Data for this exercise —
= Beginning of Section =

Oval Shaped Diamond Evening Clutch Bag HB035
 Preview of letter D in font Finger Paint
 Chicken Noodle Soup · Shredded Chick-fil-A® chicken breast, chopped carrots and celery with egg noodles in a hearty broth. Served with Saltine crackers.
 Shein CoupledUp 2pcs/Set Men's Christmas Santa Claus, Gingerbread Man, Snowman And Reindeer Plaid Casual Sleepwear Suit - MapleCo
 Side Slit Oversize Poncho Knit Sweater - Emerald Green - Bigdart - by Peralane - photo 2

= End of Section =

Problem details — Hand back the material above in full, exactly as written.

Written response —
Oval Shaped Diamond Evening Clutch Bag HB035
 Preview of letter D in font Finger Paint
 Chicken Noodle Soup · Shredded Chick-fil-A® chicken breast, chopped carrots and celery with egg noodles in a hearty broth. Served with Saltine crackers.
 Shein CoupledUp 2pcs/Set Men's Christmas Santa Claus, Gingerbread Man, Snowman And Reindeer Plaid Casual Sleepwear Suit - MapleCo
 Side Slit Oversize Poncho Knit Sweater - Emerald Green - Bigdart - by Peralane - photo 2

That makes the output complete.